Sorry for the late response, and Thanks very much for the detailed explanations!

On Thu, 18 Aug 2022 at 18:23, Ivaylo Dimitrov
<ivo.g.dimitrov.75@xxxxxxxxx> wrote:
>
> Hi,
>
> On 17.08.22 г. 7:52 ч., Yongqin Liu wrote:
> > Hi, Ivaylo
> >
> > On Mon, 15 Aug 2022 at 14:23, Ivaylo Dimitrov
> > <ivo.g.dimitrov.75@xxxxxxxxx> wrote:
> >>
> >> Hi Liu,
> >>
> >> On 14.08.22 г. 17:27 ч., Yongqin Liu wrote:
> >>> Hi, IvayIo
> >>>
> >>> Thanks very much for the reply!
> >>>
> >>> On Sat, 13 Aug 2022 at 14:58, Ivaylo Dimitrov
> >>> <ivo.g.dimitrov.75@xxxxxxxxx> wrote:
> >>>>
> >>>> Hi Liu,
> >>>>
> >>>> On 12.08.22 г. 7:35 ч., Yongqin Liu wrote:
> >>>>> Hi, Ivaylo, Tomi
> >>>>>
> >>>>> We have one X15 Android AOSP master build, it could not have the home
> >>>>> screen displayed
> >>>>> on the hdmi monitor connected with this change, with the following
> >>>>> message printed on the serial console
> >>>>> [ 607.404205] omapdrm omapdrm.0: Failed to setup plane plane-0
> >>>>> [ 607.410522] omapdrm omapdrm.0: Failed to setup plane plane-1
> >>>>> [ 607.416381] omapdrm omapdrm.0: Failed to setup plane plane-2
> >>>>> [ 607.422088] omapdrm omapdrm.0: Failed to setup plane plane-3
> >>>>>
> >>>>> # for details, please check the link here: http://ix.io/47m1
> >>>>>
> >>>>> It will work with home screen displayed on the hdmi monitor if this
> >>>>> change is reverted.
> >>>>>
> >>>>> Is this the broken problem you talked about here?
> >>>>>
> >>>>> And could you please give some suggestions on how to have the x15
> >>>>> Android build work with this change?
> >>>>>
> >>>>
> >>>> Make sure scanout (i.e. those to be displayed) buffers are actually
> >>>> allocated as such - OMAP_BO_SCANOUT flag must be set when calling
> >>>> omap_bo_new().
> >>>
> >>> I am not familiar with this area, I am sorry if I asked quite silly questions:(
> >>> I googled omap_bo_new, and found it's a function of libdrm here[1], is
> >>> it what you meant here?
> >>>
> >>
> >> Yes, calling this function from userspace ends in kernel code the
> >> $subject patch is part of.
> >>
> >>> If it's the omap_bo_new that we should pass OMAP_BO_SCANOUT when it is called,
> >>> then is it the correct way to update omap_bo_new to add the OMAP_BO_SCANOUT flag
> >>> before it calls omap_bo_new_impl?
> >>>
> >>
> >> omap_bo_new() is fine and does not need any updates/fixes, it is the
> >> code that uses it (whoever it is, I am not familiar with the userspace
> >> you are using) that shall pass correct flags (third parameter) when
> >> calling it.
> >
> > Sorry, I do not get the point here.
> > Like you said, the code that calls omap_bo_new needs to pass OMAP_BO_SCANOUT,
> > then IMO omap_bo_new should be the best place to add the OMAP_BO_SCANOUT flag,
> > (like via flags = flags | OMAP_BO_SCANOUT), that could help avoid
> > missing the flag by some code,
> > and also avoids hacks/changes on the possible blob binaries.
> >
> > Do I misunderstand somewhere?
> > Or is there some case that OMAP_BO_SCANOUT shouldn't be passed when
> > omap_bo_new is called?
> >
>
> Exactly.

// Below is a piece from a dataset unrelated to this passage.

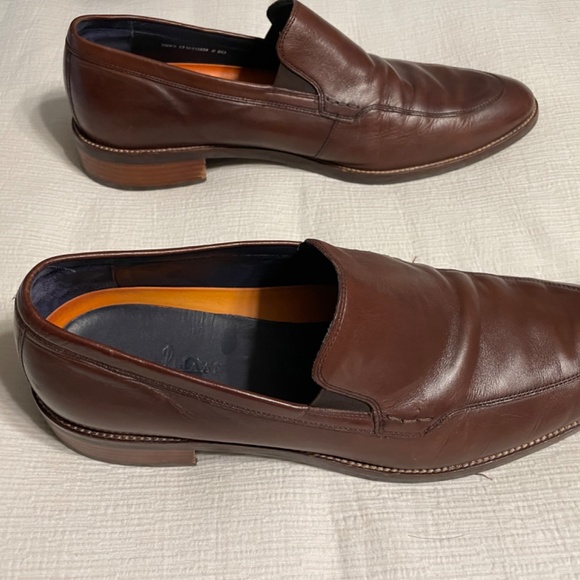 Cole Haan men’s loafer size 13 main image 4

You need to pass OMAP_BO_SCANOUT only when you want your
> buffers to be 'scanout' buffers(i.e. buffers that can be displayed on
> screen), which is not always the case - there is no need offscreen
> buffers or pixmaps to be scanout capable, for example. There are more
> cases like that.
>
> The problem is that scanout buffer on OMAP4 allocate additional
> resources in DMM/TILER (a piece of hardware) and those resources are
> limited. Not only that, but DMM/TILER memory space eventually gets
> fragmented over time (if you have lots of allocataoins/deallocations)
> and you will start getting ENOMEM (or similar) errors.
>
> Ofc, in your particular use case you may never hit such issues.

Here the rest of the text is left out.